Non-invasive Software Verification Using Vista Virtual Platforms

Verification Horizons - Tom Fitzpatrick, Editor

Non-invasive Software Verification using Vista Virtual Platforms by Alex Rozenman, Vladimir Pilko, and Nilay Mitash, Mentor Graphics

Introduction

With the SoCs now supporting Multi-Core processors, complex ASICs and combinations that include systems on a board, SoC implementations now become an ever growing challenge for software development. Software development has to be supported not only by the inclusion of an RTOS, but, many SoC providers now have to leverage upon the Bare-Metal concept to achieve the necessary demands of today's SoCs. However, there still exists a huge chasm in the software development arena that addresses both the need to be able to verify not only the sw/hw interactions, but, also the software itself in a hardware context. This has become almost a necessity in today's "security" based systems marketplace.

As large and complex SoCs trend deeper into embedded environments, they need to be seamlessly implemented and contained, for verification of both software and hardware in the same context. The following sections cover the underlying technologies used in context to each of the areas and explain the mechanisms for achieving verification of the software itself.

What Is Aspect Oriented Software Verification?

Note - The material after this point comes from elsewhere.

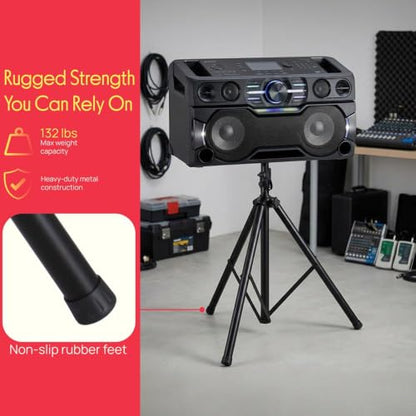 Pyle Universal Speaker Stand Mount Holder Heavy Duty Tripod w/ Adjustable Height from 40” to 71” and 35mm Compatible Insert Easy Mobility Safety Pin and Knob Tension Locking for Stability, Black - size: 1-Pack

In almost every intelligent applicable software function, there are always locations that have meaningful implications. A reflective functional equivalent of these locations would create the verification logic. For example, an assertion in the code can be reflectively mapped to its verification logic, making sure that the conditions that cause the assertion to fire are captured in the verification logic. Each such verification logic is strongly anchored to its aspect in the original software.

From AOP (Aspect Oriented Programming) point of view, the verification locations can be seen as "join points", verification logic as a set of "advices" and the verification script as the AOP program itself.

The following code locations/anchors that are found in almost all software code could be used:

  • Absolute execution addresses (PC)
  • Source locations (file:line)
  • Function entry/exit
  • State change points (watch points)
  • Peripheral device accesses and programming
  • Interrupts
  • CPU exceptions

In typical software, verification logic may include assertions, invariant conditions checkers, print outs for flow tests, fault injection or an external stimulus. We will use the term "verification script" to denote a program that attaches the verification logic to its corresponding locations.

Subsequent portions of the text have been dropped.